Not applicable. This is an in vitro diagnostic assay for quantitative measurement, not an AI or imaging device requiring human-in-the-loop performance evaluation.

6. Standalone Performance Study

Yes, a standalone performance study was conducted to determine the device's characteristics such as precision, linearity, and limit of quantitation. These studies were performed using the AEROSET™ System.

7. Type of Ground Truth Used

The "ground truth" for comparison was the performance characteristics of a legally marketed predicate device, the Boehringer Mannheim® Phosphorus Assay (K872494) on the Hitachi® 717 Analyzer. For precision, linearity, and sensitivity, the performance was established directly through the assays themselves, using control materials for precision and known concentrations for linearity and sensitivity.

8. Sample Size for the Training Set

Not applicable. This is not a machine learning or AI algorithm. The assay operates based on chemical reactions and photometric measurements, not a learned model from a training set.

9. How the Ground Truth for the Training Set Was Established

Not applicable.

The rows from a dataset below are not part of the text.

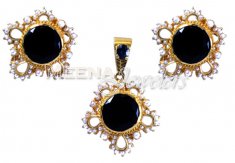 22Kt Gold Black Onyx and pearl Pendant Set ( Precious Stone Pendant Sets )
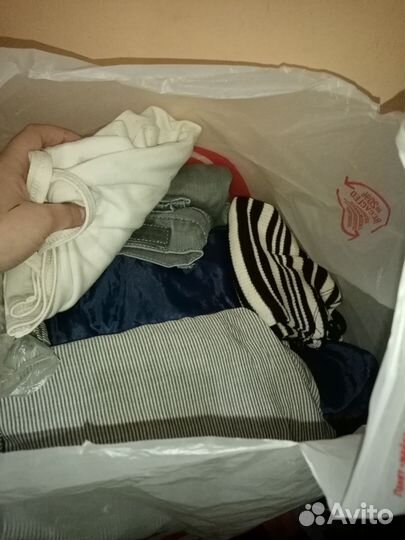 Отдам женские вещи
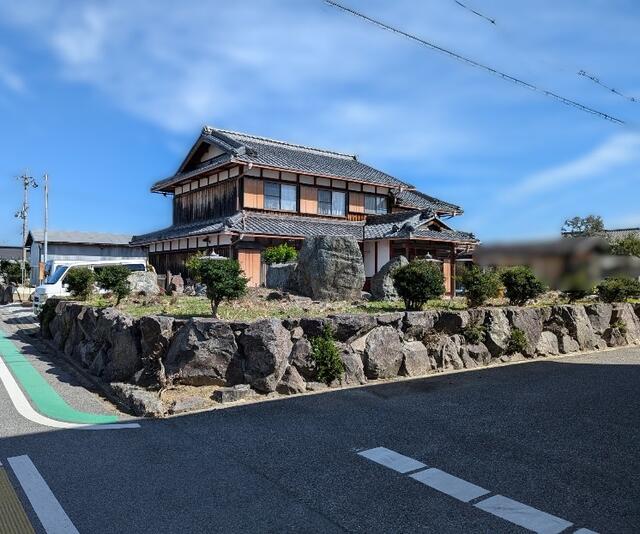 Cheap house for sale in Inukami, Shiga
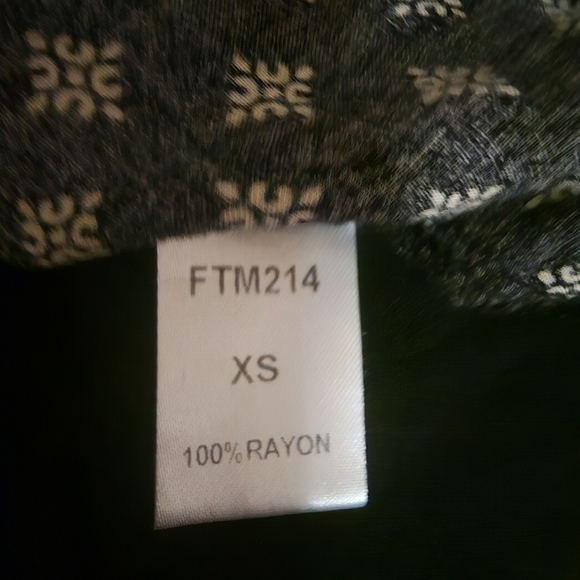 THML Tank Top Womens XS‎ Embroidered Boho Mixed Media Flowy Top Black Red Rayon - Picture 8 of 9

There is no training set for this type of in vitro diagnostic assay.

§ 862.1580 Phosphorus (inorganic) test system.

(a)
Identification. A phosphorus (inorganic) test system is a device intended to measure inorganic phosphorus in serum, plasma, and urine. Measurements of phosphorus (inorganic) are used in the diagnosis and treatment of various disorders, including parathyroid gland and kidney diseases, and vitamin D imbalance.(b)
Classification. Class I (general controls). The device is exempt from the premarket notification procedures in subpart E of part 807 of this chapter subject to the limitations in § 862.9.